For a short time, I worked as a telemarketer, selling reading supplies to dupable literates. At my call center, managers “listened in” to assess the impact of the sales conversation, to identify missed opportunities for upselling pen and ink refills, and to coach us on better advising customers to purchase lap desks they never knew they needed in the first place. Though I dubbed my supervisor “director of wiretapping,” my sales doubled after I implemented her feedback. Mousepads and folios flew off warehouse shelves. Never in my career, before or since, have I received more feedback on my own advice-giving than I did after those late nights by the phone.

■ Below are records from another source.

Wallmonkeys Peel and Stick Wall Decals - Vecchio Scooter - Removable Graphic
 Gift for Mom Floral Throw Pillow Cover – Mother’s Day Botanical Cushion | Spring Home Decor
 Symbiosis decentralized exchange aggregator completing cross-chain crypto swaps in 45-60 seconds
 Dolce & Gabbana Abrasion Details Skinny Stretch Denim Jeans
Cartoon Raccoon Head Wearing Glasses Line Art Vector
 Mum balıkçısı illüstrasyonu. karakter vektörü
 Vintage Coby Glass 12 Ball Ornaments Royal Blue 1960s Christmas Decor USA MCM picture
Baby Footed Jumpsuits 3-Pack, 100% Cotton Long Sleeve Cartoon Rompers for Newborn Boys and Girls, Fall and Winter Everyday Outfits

These days, we give a lot of lip service to increasing the amount of feedback given to teachers. Research indicates that these efforts are worthwhile. Teachers’ improvement can be predicted by the extent of their interactions with those more expert in teaching and by the extent to which they seek instructional advice from their colleagues. Further, in order for classroom observations to be meaningful to teachers, they must be accompanied by high-quality feedback.
The problem is that districts and states are spending an increasing amount of time training observers to measure performance, but very little time training them to give useful feedback. Identifying the difference between “proficient” and “effective” differentiation, for example, isn’t worth much if you can’t support a teacher in understanding how this plays out in the classroom and what would make a positive difference to his or her students.
Teachers don’t want a blank check. They want a useful conversation between professionals."
As part of the Best Foot Forward study by the Center for Education Policy Research at Harvard University, we spoke with teachers and observers across the country about their typical post-observation conversations. There is so much skepticism and defensiveness in these dialogues. For example:
[My administrator] said, ‘Well, how do you think you did?’ and [he gave] the thumbs-up. ... He goes, ‘I’m not worried about you.’ I guess it was a compliment. ‘If there are any questions, just email me.’ And I’m like ... '[T]he whole year really went by and ... this is what I’m getting?’
Teachers don’t want a blank check. They want a useful conversation between professionals.
When we spoke to administrators, we learned that few of them received formal training on feedback delivery. Instead, they relied on their impression of what good feedback sounds like, either learned through trial and error or recalled from the days when they were teachers. We might call this the “folkways of feedback.”
This raises the question: Do we know what an effective feedback conversation sounds like? There are a few things that education leaders might do to find out:
• Listen in. Ask observers to audiotape feedback conversations for formative purposes. A cheap way to do this is with smartphones, but remote conversations can be recorded with webinar software, like Adobe Connect. With permission, those tapes can be used for administrator self-reflection, school-leader professional development, or feedback calibration. Observers and coaches want to get better, too.
• Collect teacher-level satisfaction data. This is to identify those who are finding the feedback they receive useful. Even easier, ask teachers to nominate great feedback-givers. Find those exemplary coaches and administrators, and ask them to share what they are doing right.
• Consider letting teachers videotape their own lessons. These tapes could then be submitted to observers. Many observation platforms allow for tagging comments onto specific moments of the video, closed-captioning style. Those comments can be audited and analyzed for quality. Moreover, in the Best Foot Forward study, we found that conversations following video observations were significantly less adversarial than those following in-person observations, as well as perceived as more useful overall.
If we expect teachers to grow, we must pay more attention to the quality of support they receive. Coaching, like teaching, involves a complex skill-set. Yet we do not spend nearly enough time giving feedback to our sector’s feedback-givers. For the sake of educators everywhere, let’s call it “quality assurance.”